En 2024, l’Ontario a adopté cinq nouvelles règles relativement aux annonces publiques de postes :

  • Transparence salariale. Les annonces de poste doivent comprendre des renseignements sur la rémunération ou la fourchette de rémunération prévue pour le poste.
  • Divulgation du recours à l’IA. Les annonces de poste doivent divulguer si l’employeur a recours à l’intelligence artificielle (IA) pour trier, évaluer ou sélectionner des candidats au poste en question.
  • Expérience canadienne. Aucune annonce de poste ni formulaire de candidature ne doit comprendre des exigences relatives à l’expérience canadienne.
  • Postes vacants. Les annonces de poste doivent inclure une déclaration indiquant si l’annonce concerne un poste vacant existant ou non.
  • Suivi auprès des candidats ayant passé une entrevue. Tout employeur qui fait passer une entrevue à un candidat à un poste ayant fait l’objet d’une annonce publique doit, dans un délai de 45 jours suivant l’entrevue (ou dans un délai de 45 jours suivant la dernière entrevue, s’il lui en a fait passer plus d’une), lui indiquer si une décision d’embauche a été prise à l’égard de l’affichage de poste.

Ces règles ontariennes entreront en vigueur le 1er janvier 2026. N’hésitez pas à consulter notre actualité juridique intitulée Ontario updates rules on job postings and more.

Bien que ces nouvelles règles en matière de recrutement concernent uniquement l’Ontario pour le moment, diverses règles relatives à la transparence salariale dans le cadre du recrutement ont récemment été mises en place en Colombie-Britannique, à Terre-Neuve-et-Labrador, en Nouvelle-Écosse et à l’Île-du-Prince-Édouard. Alors que la tendance est à la réglementation du recrutement, les employeurs pourraient juger opportun de consulter un conseiller juridique afin de connaître les pratiques qui satisfont aux normes dans tous les territoires. 
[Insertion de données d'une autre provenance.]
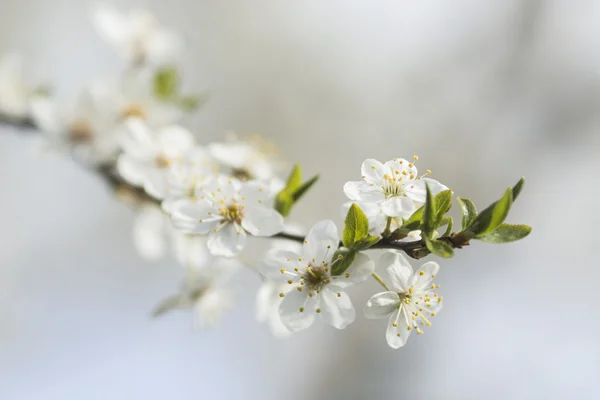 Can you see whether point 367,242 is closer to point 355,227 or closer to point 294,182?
point 355,227

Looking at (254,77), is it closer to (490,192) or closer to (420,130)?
(420,130)

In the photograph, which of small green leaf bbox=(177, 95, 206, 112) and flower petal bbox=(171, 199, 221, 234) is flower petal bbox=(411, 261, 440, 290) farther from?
small green leaf bbox=(177, 95, 206, 112)

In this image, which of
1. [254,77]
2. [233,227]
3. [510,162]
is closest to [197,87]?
[254,77]

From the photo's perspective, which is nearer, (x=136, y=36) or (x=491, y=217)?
(x=491, y=217)

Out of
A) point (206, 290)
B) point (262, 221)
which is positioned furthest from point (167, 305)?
point (262, 221)

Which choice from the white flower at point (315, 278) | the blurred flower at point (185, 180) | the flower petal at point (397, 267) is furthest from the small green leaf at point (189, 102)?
the flower petal at point (397, 267)

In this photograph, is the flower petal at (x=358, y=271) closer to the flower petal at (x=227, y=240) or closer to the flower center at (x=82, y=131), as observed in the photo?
the flower petal at (x=227, y=240) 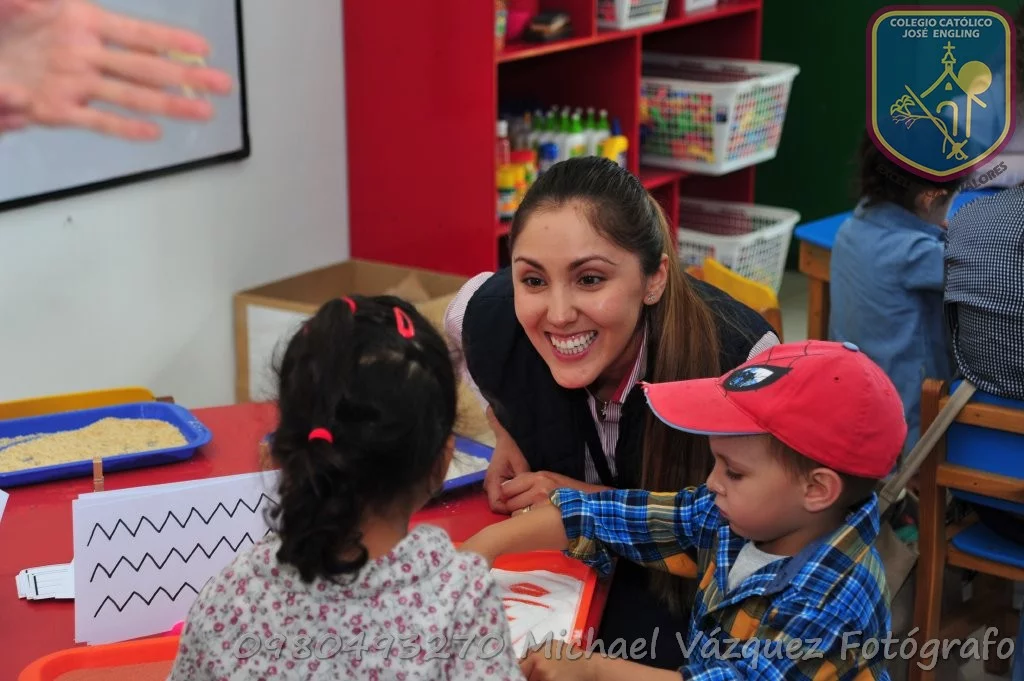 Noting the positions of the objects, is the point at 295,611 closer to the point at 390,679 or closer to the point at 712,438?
the point at 390,679

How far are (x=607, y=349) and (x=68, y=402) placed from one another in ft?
3.11

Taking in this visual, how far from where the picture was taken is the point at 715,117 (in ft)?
12.9

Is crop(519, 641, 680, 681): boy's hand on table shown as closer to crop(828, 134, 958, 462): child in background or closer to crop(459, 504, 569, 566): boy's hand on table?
crop(459, 504, 569, 566): boy's hand on table

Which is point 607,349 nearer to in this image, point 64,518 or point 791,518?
point 791,518

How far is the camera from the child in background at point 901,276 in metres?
2.73

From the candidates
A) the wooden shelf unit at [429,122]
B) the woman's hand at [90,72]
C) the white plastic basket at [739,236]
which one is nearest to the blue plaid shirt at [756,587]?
the woman's hand at [90,72]

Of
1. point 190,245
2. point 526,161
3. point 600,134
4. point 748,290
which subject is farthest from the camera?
point 600,134

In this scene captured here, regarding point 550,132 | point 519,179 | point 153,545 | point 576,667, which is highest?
point 550,132

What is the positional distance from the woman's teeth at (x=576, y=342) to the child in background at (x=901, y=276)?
1.22 m

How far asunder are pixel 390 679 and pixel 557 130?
2793 millimetres

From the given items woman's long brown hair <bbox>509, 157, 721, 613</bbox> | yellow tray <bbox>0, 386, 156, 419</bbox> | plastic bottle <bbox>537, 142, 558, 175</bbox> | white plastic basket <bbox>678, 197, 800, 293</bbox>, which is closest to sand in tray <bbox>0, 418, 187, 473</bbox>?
yellow tray <bbox>0, 386, 156, 419</bbox>

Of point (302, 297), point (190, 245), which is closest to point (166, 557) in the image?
point (190, 245)

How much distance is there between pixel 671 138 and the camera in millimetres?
4078

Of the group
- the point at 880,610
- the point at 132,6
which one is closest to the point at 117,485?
the point at 880,610
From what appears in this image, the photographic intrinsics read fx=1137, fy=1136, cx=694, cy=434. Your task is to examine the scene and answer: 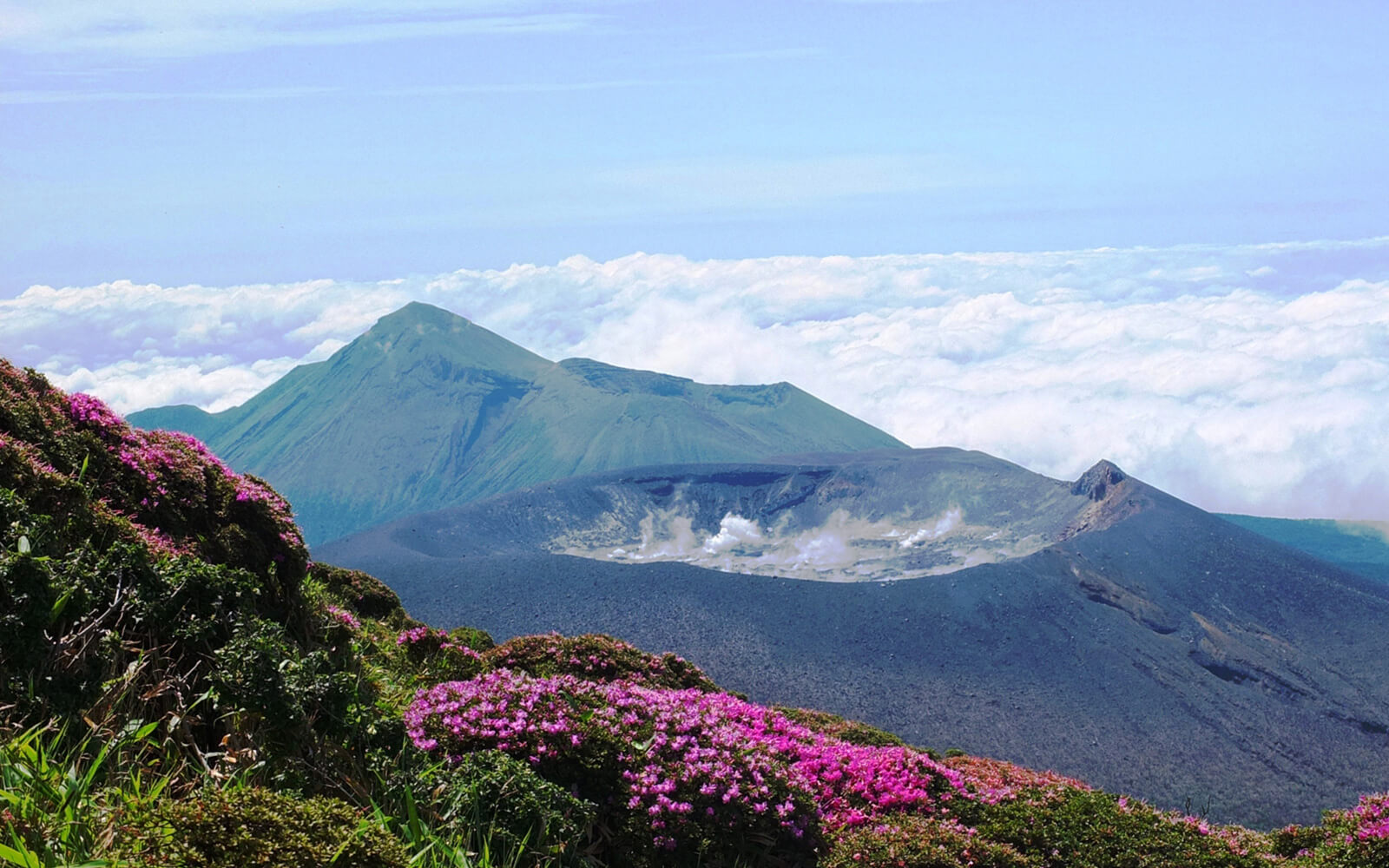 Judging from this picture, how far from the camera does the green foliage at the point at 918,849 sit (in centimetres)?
889

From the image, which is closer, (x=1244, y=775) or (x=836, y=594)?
(x=1244, y=775)

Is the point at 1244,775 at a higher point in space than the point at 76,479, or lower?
lower

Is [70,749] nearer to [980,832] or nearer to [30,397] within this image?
[30,397]

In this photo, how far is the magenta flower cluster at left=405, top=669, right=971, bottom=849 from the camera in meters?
8.77

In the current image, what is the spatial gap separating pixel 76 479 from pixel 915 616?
58.2m

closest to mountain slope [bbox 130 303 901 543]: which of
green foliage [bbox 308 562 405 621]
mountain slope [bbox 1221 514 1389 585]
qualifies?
mountain slope [bbox 1221 514 1389 585]

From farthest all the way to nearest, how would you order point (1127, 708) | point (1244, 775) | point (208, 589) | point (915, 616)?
point (915, 616) → point (1127, 708) → point (1244, 775) → point (208, 589)

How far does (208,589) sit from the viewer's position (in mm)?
8195

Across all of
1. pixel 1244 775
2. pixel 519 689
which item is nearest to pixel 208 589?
pixel 519 689

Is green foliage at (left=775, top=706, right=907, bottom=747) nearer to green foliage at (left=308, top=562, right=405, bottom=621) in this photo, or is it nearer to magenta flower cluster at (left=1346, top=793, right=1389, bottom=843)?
magenta flower cluster at (left=1346, top=793, right=1389, bottom=843)

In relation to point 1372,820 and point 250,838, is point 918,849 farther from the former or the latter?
point 250,838

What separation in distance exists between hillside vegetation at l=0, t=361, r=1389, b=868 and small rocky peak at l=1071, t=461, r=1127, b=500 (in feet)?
280

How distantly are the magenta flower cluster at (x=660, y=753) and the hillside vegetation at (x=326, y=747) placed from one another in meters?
0.02

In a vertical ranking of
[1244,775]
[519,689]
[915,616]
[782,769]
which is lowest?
[1244,775] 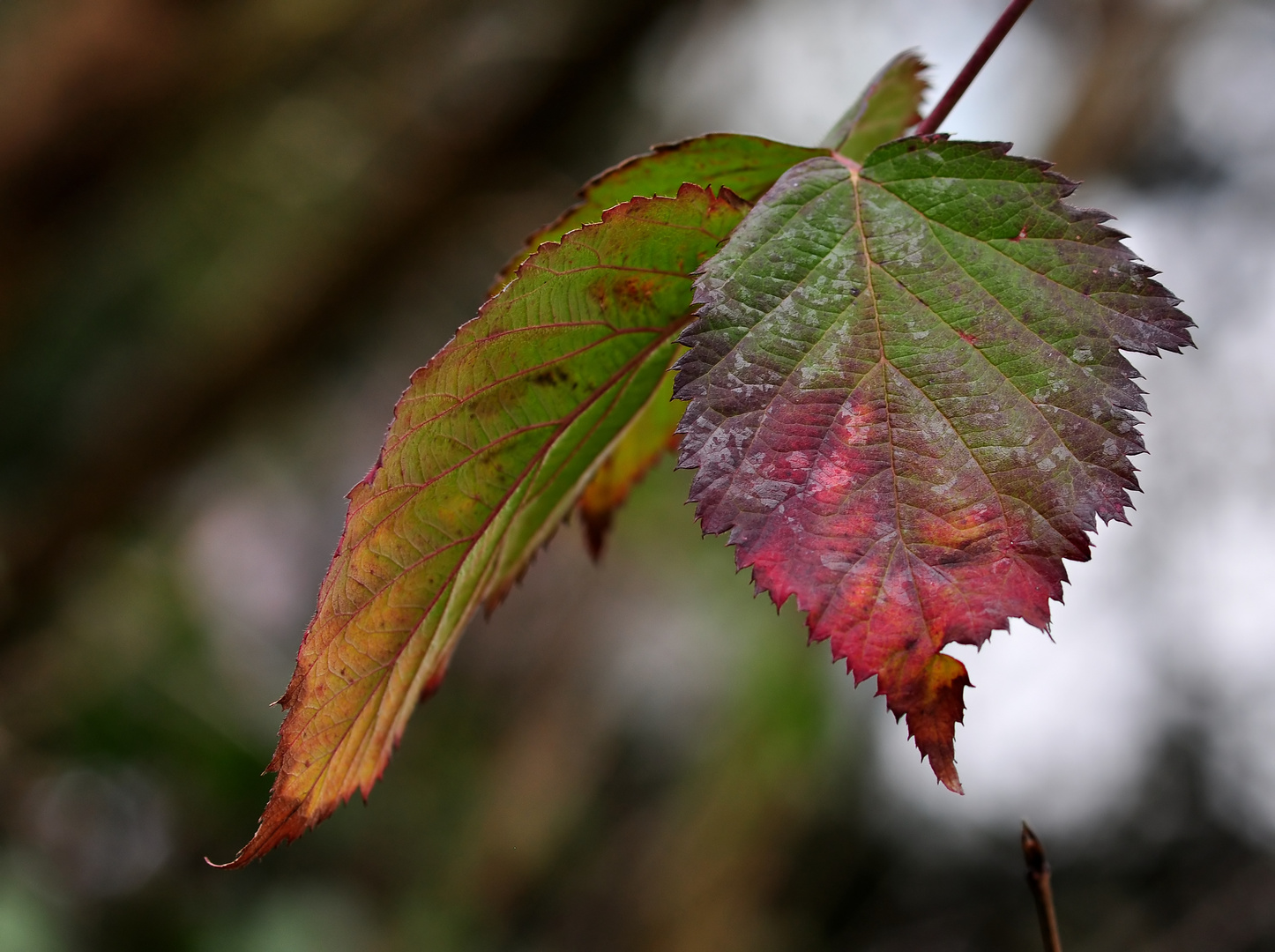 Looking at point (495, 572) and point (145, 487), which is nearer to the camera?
point (495, 572)

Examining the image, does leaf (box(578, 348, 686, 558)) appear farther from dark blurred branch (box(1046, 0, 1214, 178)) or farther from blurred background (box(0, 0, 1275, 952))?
dark blurred branch (box(1046, 0, 1214, 178))

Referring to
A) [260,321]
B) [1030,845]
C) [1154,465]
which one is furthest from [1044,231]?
[1154,465]

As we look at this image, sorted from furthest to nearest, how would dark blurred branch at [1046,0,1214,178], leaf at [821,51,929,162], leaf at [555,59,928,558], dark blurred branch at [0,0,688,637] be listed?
dark blurred branch at [1046,0,1214,178]
dark blurred branch at [0,0,688,637]
leaf at [821,51,929,162]
leaf at [555,59,928,558]

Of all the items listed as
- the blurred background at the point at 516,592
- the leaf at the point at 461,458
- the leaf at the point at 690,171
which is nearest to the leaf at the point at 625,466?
the leaf at the point at 690,171

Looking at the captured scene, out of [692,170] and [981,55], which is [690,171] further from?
[981,55]

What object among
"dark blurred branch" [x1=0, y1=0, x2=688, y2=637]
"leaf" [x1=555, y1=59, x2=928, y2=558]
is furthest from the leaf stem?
"dark blurred branch" [x1=0, y1=0, x2=688, y2=637]

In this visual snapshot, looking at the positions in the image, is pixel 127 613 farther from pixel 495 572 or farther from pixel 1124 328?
pixel 1124 328

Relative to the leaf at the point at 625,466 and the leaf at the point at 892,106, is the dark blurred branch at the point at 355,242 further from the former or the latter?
the leaf at the point at 625,466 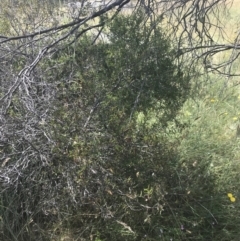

Restrictions concernant les certificats médicaux, alors même que les congés de maladie augmentent

En 2025, tout comme en 2024, deux tendances semblent se profiler simultanément :

  • Les normes minimales quant aux droits aux congés de maladie augmentent. Les droits aux congés de maladie prévus par la loi augmentent dans plusieurs territoires, bien que les règles applicables restent disparates à l’échelle du Canada. Par exemple, l’Île-du-Prince-Édouard a accru le nombre de jours de congés de maladie payés le 1er octobre 2024 : désormais, en plus des trois jours de congés non payés minimum dont ils disposent par année, les employés de la province ont également droit, après trois ans d’emploi, à trois jours de congés payés par année. En Nouvelle-Écosse, le nombre de jours de congés de maladie non payés a augmenté le 1er janvier 2025; les employés en comptent désormais cinq.
  • Les assemblées législatives interdisent le recours aux certificats médicaux. Pour alléger le fardeau pesant sur les systèmes de soins de santé, nombreux sont les territoires qui ont décidé d’interdire aux employeurs de demander des certificats médicaux à leurs employés pour corroborer leurs absences pour raison médicale. L’Ontario, le Québec, Terre-Neuve-et-Labrador et l’Île-du-Prince-Édouard ont adopté de telles mesures en 2024, à l’instar de plusieurs autres territoires où de telles restrictions existaient déjà. La plupart de ces interdictions visent seulement l’utilisation par les employés des jours qui leur sont octroyés au titre des congés de maladie prévus par la loi, ce qui signifie que les employeurs peuvent exiger un certificat médical une fois ces jours épuisés. Ce n’est toutefois pas le cas pour tous les territoires. Pour en savoir plus sur les nouvelles règles applicables en Ontario et au Québec, veuillez consulter notre actualité intitulée « Élargissement des interdictions relatives aux certificats médicaux au Canada ».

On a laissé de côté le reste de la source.